This morning’s gospel lesson from Matthew gives us that famous line present in some form or another in all three of the synoptic gospels, of the two greatest commandments – Love God with your whole self (heart, mind, and soul), and love your neighbor as yourself!

Author M. Scott Peck famously described love as “the will to extend one’s self for the purpose of nurturing one’s own or another’s spiritual growth… Love is as love does. Love is an act of will — namely, both an intention and an action. Will also implies choice. We do not have to love. We choose to love.”

When my wife Erin and I were about to be married, this idea of love as a choice, an act of will, simple though it was, fascinated us. Peck had written elsewhere, “Two people love each other only when they are quite capable of living without each other but choose to live with each other.” Still kids at 21 and 22, grappling with growing and maturing out of the selfishness inherent to childhood, we nevertheless found this notion so compelling and a worthy challenge that we had it inscribed on the inside of our wedding bands – “Today I choose to love you.” a promise we covenanted to make real with each passing day, for the rest of our lives, that we would continue to choose love.

To be sure, simple as his definition is, there are times when looking at the world around us, it appears quite revolutionary. It seems a societal assumption that love involves some sort of falling, an involuntary, unavoidable, stumble. We swoon for the latest gadget because of how well-designed and cool it is. We lose ourselves in a good book, because we love it so.

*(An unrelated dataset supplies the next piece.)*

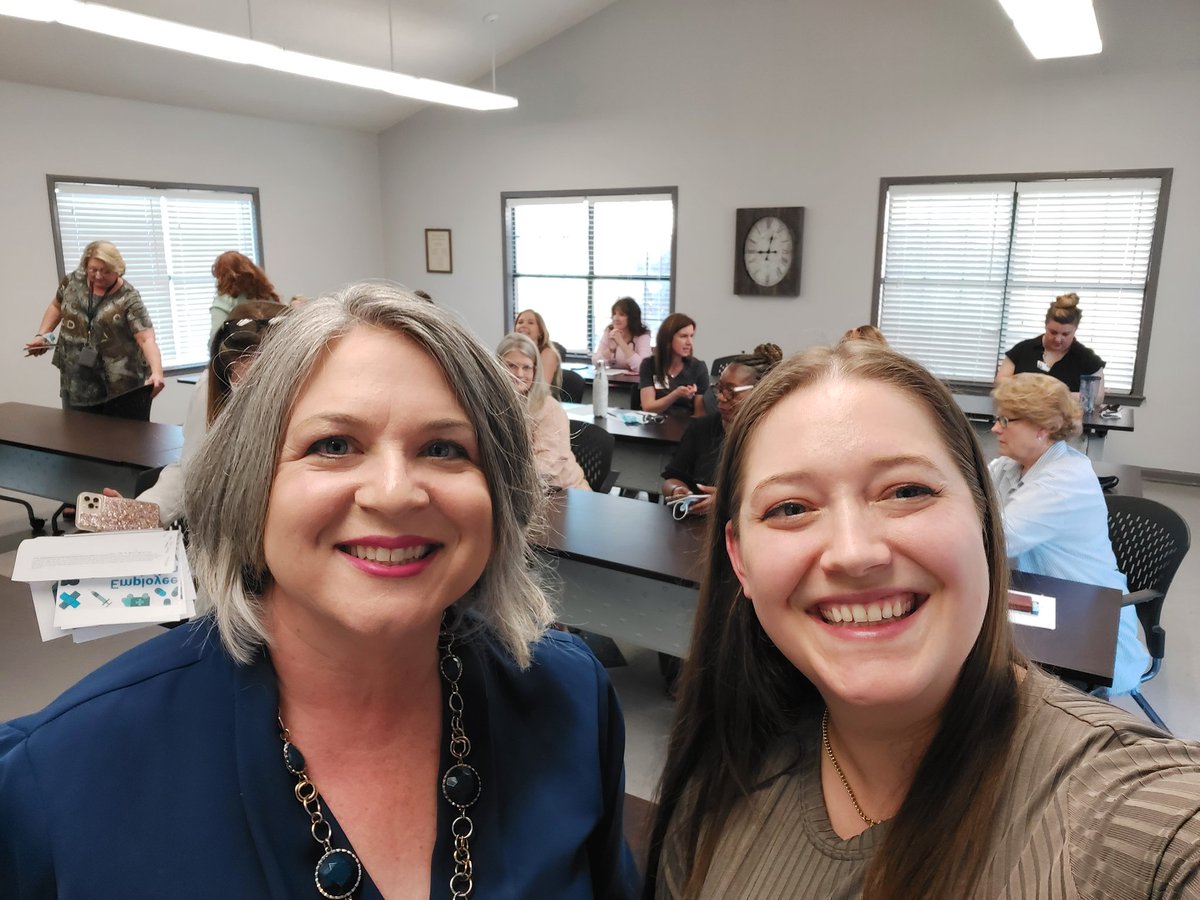 CherylSuzette's tweet photo. Thank you @BibbMedical for hosting a QPR training with @asparcAL today!  #stopsuicide #bewellbibb  #MentalHealthAwarenessMonth https://t.co/6DFOcMAJFr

We wait to be wooed by leaders, and want to be amazed into falling for this or that new product or idea. Love, seen this way, is more like gravity or magnetism, even fate, than a decision or a choice. 

But, we who have been blessed to know love, to experience it in action, who have had eyes to see, and hearts to comprehend love, know that it is and must always be a choice. Which is why love is both simultaneously excruciatingly beautiful and immensely difficult. 

We see its beauty often in contrast to what it is not – which is to say we all know what it feels like to not be chosen. Each of us has experienced the sting of rejection in some form or another. We have seen too the grubby and repulsive face of hatred, greed, and indifference in our world all too often. And, so it is that the beauty of love shines out all the more against such a constant backdrop, like the flower growing through the cracks of a broken and potholed city street. 

So too we know love is difficult because we know that choosing is often difficult. If choosing to extend ourselves for the purpose of nurturing spiritual growth personally or (even harder) for others, were easy, we know the world would not look as it so often does, broken by violence, marred by depression, bound by addiction, and often in despair.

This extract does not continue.